Principal wants Knockalva Agricultural School rebranded
RAMBLE, Hanover — IF principal of the 75-year-old Knockalva Agricultural School, Josh Nelson, has his way, the Hanover-based educational facility would be rebranded as part of an initiative aimed at increasing subject offerings, thus placing the school “on a path of growth and development”.
“What it (rebranding) would do is to allow us to formally add environmental science to the curriculum, but also the rebranding would make us a little more attractive to potential students, as we are also looking to add botany, zoology, and to upgrade the delivery to the point where, at third-year, our students are doing first-year courses at the college level,” Nelson explained.
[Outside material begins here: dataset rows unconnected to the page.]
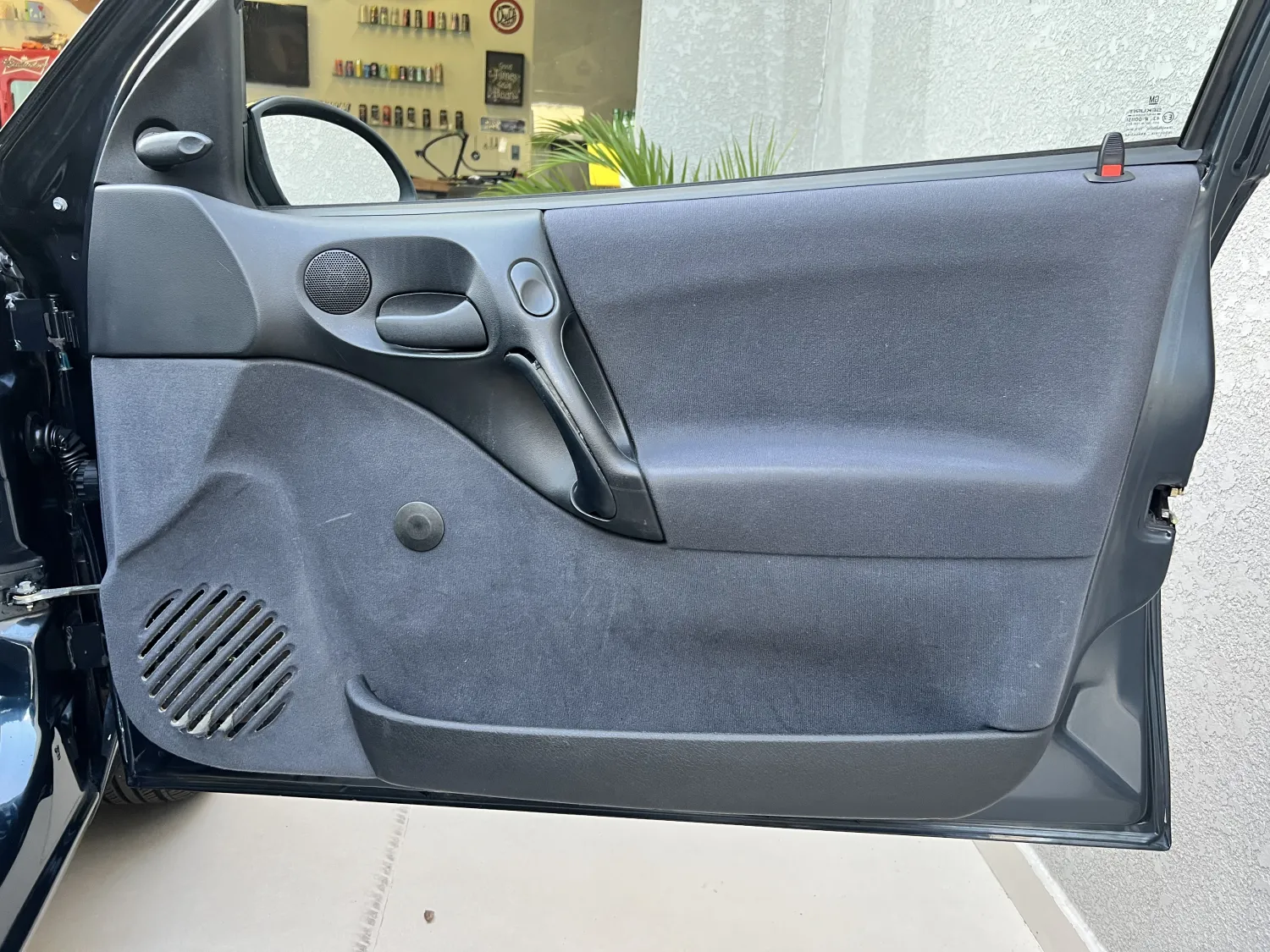 avv-chevrolet-vectra-venda-2a7544c-imagem-013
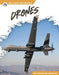 Drones by Charles Marlin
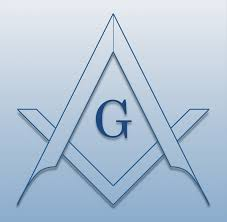 Brighton Masons.png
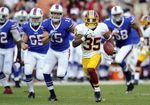 Bills Redskins Footba_Camp (1).jpg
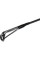 Спіннинг Favorite X1 General Light X1.1-762ML 2.29m 4-14g Fast легкий бланк з SkyFlex 30T.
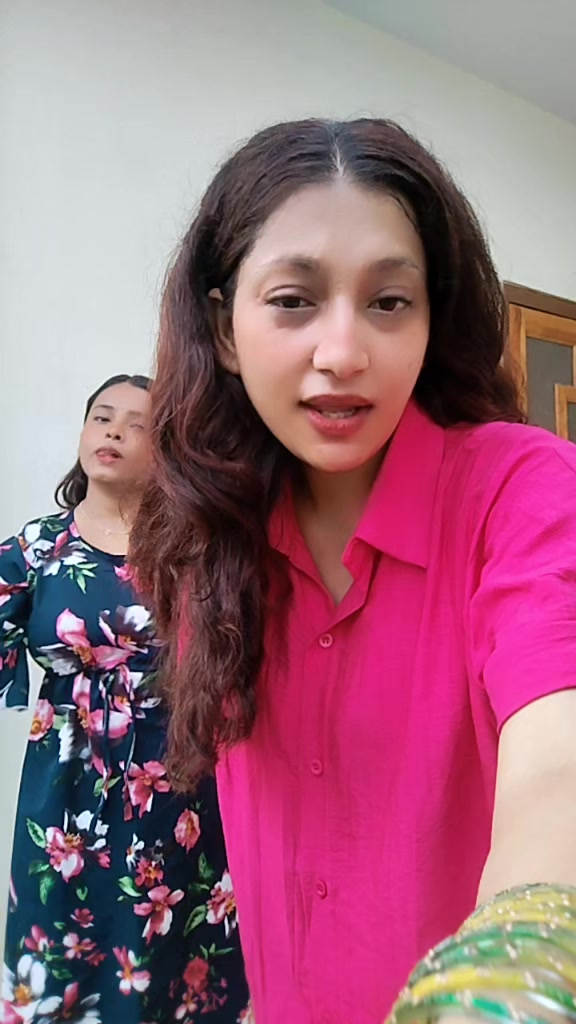 @Deewa Pandey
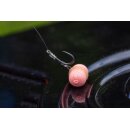 Guru Super MWG Bait Band Ready Rig 15cm Gr.10/9lb/0,22mm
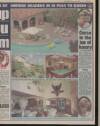 Daily Mirror Friday 19 July 1996 Page 41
A proposal, he added, has already been sent to the Ministry of Education for the school to be renamed the Knockalva Academy for Agricultural and Environmental Sciences.
The school board has also given the green light for the institution to seek a $20-million investment, which would eventually take the school off the Government’s annual $30-million subvention.
Nelson, who attended the school in the early 1980s, said the investment would allow for the school to produce agricultural crops on a large scale. The produce, he added, would be consumed by students, as well as sold locally.
Knockalva Agricultural School, which sits on some 218 acres with a great house used as an administrative block, is located in the rural farming community of Ramble, and caters to students between the ages of 15 and 19 years old.
The school originally had 234 acres, however, 16 acres was cut off in 1983 to establish the Knockalva Technical High School.
And despite the school retaining its core purpose over the years, the institution has been through three name changes – from Rural Secondary Vocational School to Knockalva Agriculture Training Centre, to its current name Knockalva Agriculture School which was done in 1982.
During the school’s recent 75th Anniversary exposition, Stan Pinnock, a potential investor and past student currently living in Canada, told the Jamaica Observer West that he was impressed with what he saw at the school.
“What I found out when I came here, I am impressed. I see the vision and I am pleased with what I heard, what I see, and the people who I know and can work with,” said Pinnock, a beef cattle farmer in Toronto.
“I want to give back. I am a ‘giving-back’ person and I will give back to Knockalva, and I will work with anyone here who wants to work with me. I have the best vegetable seeds, plant seeds and everything to do with agriculture at my fingertips. So, I am willing to go into partnership with them here on the beef side, and as time goes by, wherever I can expand in.”
Pinnock, however, did not say how much he is willing to invest.
Meanwhile, president of the Knockalva alumni and board member, Canute Saddler, who assisted in preparing a business plan for the school, said a copy of the overall strategic development plan will be given to Pinnock for review, and for him to determine the amount of investment he is prepared to give.
During the anniversary function, state minister of Agriculture, Labour and Social Security, Luther Buchanan announced that through the Dairy Development Board, the dairy programmes in selected agricultural educational institutions are being upgraded and revamped. Schools benefiting from the initiative, he said, are: the College of Agriculture Science and Education, Ebony Park HEART Academy, Sydney Pagan Agriculture School, and Knockalva Agriculture School. Buchanan added that under the programme, the needs of the dairy units of Knockalva will be addressed.
The school, which has an enrolment of 117, currently rears pigs, chickens and cultivates a wide variety of fruits and vegetables.